Denis, J.P. and Corbel, P. « Synthèse du programme MINE France : vers une (re)conception de la gouvernance des SI ? », Cahiers du CIGREF No 3, October 2006, pp. 45-68
This working paper is the result of a combination of theoretical reflection that deviates somewhat from the references generally used in information systems research and the analysis of four in-depth monographs carried out within the framework of the MINE France program, supplemented by interviews in several other public and private organizations. Starting with an initial question about the link between IS, innovation and value creation, we were gradually led, as our investigations progressed, to several fundamental questions related to the role of the CIO: on what criteria is the evaluation of IS investments based? Are they really geared towards value creation? Can these investments even be evaluated? What role should risk management play in these investments and in the CIO function itself?
Given the diversity and depth of these questions, we are entitled to return to an even more fundamental question: how (i.e., according to what principles and criteria) can we ensure viable governance of information systems?

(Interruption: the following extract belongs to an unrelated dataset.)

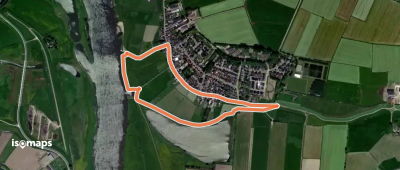 WNW IJsseldelta - Wilsum - blauwe route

The aim of this paper is to continue the reflection begun in our previous contribution, focused on the concept of business model, and to deepen our understanding of this fundamental problem that is familiar to all CIOs, especially in large companies. With this aim in mind, a return to the very essence of the enterprise - an organizational form, of course, but also (and above all...) an entrepreneurial act - leads us to an analysis framework specifically developed in the framework of the MINE France program. Applied to the cases of the companies studied, it highlights several essential points that will be detailed in the paper.

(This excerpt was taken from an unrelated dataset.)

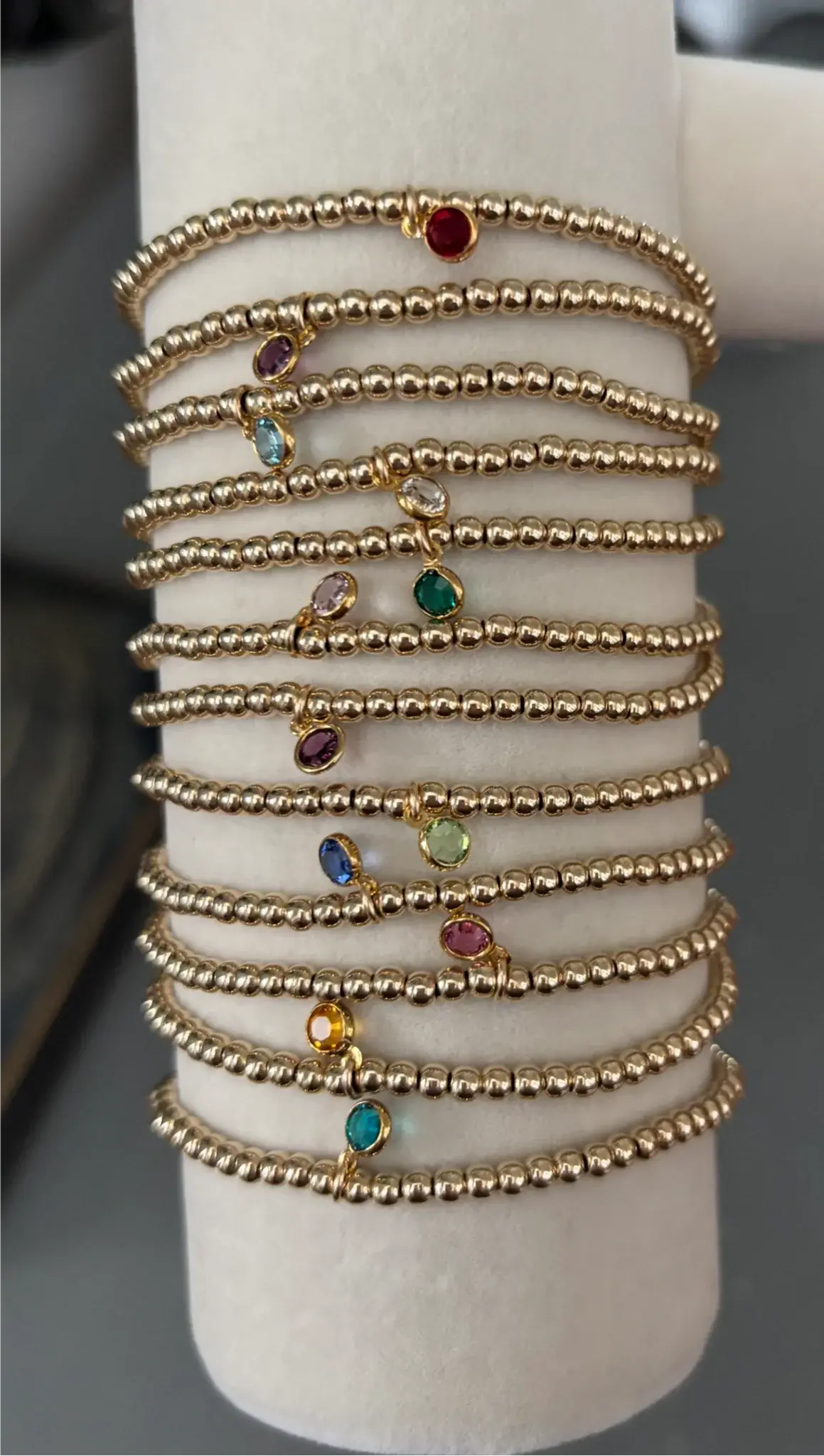 Morgan & Me Designs Morgan & Me 3mm 14k Gold Filled Bracelet with Birthstone Charm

Thus, contrary to what was said at the beginning of the millennium under the impetus of the wave of Internet technologies, the vast majority of IS investments appear to have been decided and deployed with a view to contributing to the achievement of a value that is largely considered as a given. Following Joffre and Montmorillon (1), this is a principle that can be described as "cost-efficiency", according to the classic logic of economics. However, what these case studies also show is that, once they have been made, these IS investments also have unanticipated effects and are therefore likely to be used for something other than what was planned at the time of the investment decision. In the extreme, these effects are likely to profoundly modify, or even renew, the very value of the entrepreneurial project. We speak here of efficiency according to a logic of value creation. Since the latter is difficult to anticipate, it leads to a high degree of uncertainty. This observation, which is in line with essential theoretical advances in management research over the last few years, justifies questioning the relevance, and even the necessity, of (re)designing the principles and criteria of IS governance in the company. This will be justified by a desire to go beyond the sole logic of cost-efficiency, which is still favored by the majority of firms - particularly under the pressure of financial markets - so that the conditions of efficiency are also integrated and understood according to a logic of value creation.
(1) Joffre, P. & de Montmorillon, B. (2001) « Théories institutionnelles et management stratégique » in Martinet, A.C. & Thiétart, R.A. (coord.), Stratégie – Actualité et futurs de la recherche, Vuibert, p.229-248.